GVA’s ill-timed buying spree has syndicator on shaky ground

Alan Stalcup doubled portfolio to 30,000 residential units as interest rates spiked. Can he hold on?

GVA’s Alan Stalcup (Photo-illustration by Ilya Hourie/The Real Deal; Unique Influence, Getty Images)
GVA’s Alan Stalcup (Photo-illustration by Ilya Hourie/The Real Deal; Unique Influence, Getty Images)

The head of GVA, one of the Sun Belt’s largest multifamily syndicators, is an anomaly.

Alan Stalcup didn’t use get-rich courses, social media and podcasts to raise huge sums, as younger, less experienced syndicators did. But he ended up with the same problems. 

Others who built apartment portfolios with pooled equity grew thanks in part to their large online presence. Tides Equities made media rounds, advertising billions in deals; Brad Sumrok promoted and starred in his own investment conferences; and Joe Fairless hosted what he calls “the world’s longest-running daily real estate podcast.”

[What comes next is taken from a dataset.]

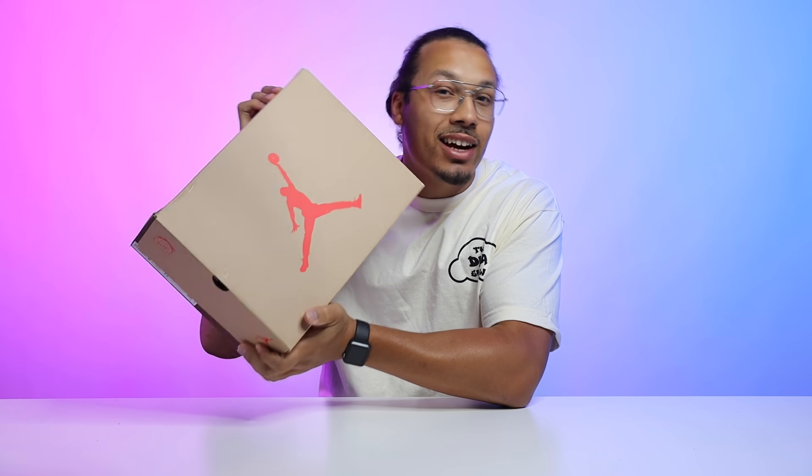Today we're gonna be taking a look at the new Cactus Jack Air Jordan 6s in the British Khaki colorway. As you all know, the Air Jordan 6 is my favorite model and I'm excited to unbox these and review these for you. So let's go ahead and get into the video.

Stalcup’s online presence is more like a cardboard cutout. He’s there — on Facebook, a silver fox with a Texas tan and waxy smile; on LinkedIn, professing his “love” for tax-efficient passive income; and at AlanStalcup.com.

But GVA’s website looks populated by stock photos. The only video of Stalcup speaking online shows him telling employees how to sign up for health insurance. In a search for GVA on Google it showed up fifth, behind a Canadian lighting manufacturer and the Wikipedia page for gross value added, among others.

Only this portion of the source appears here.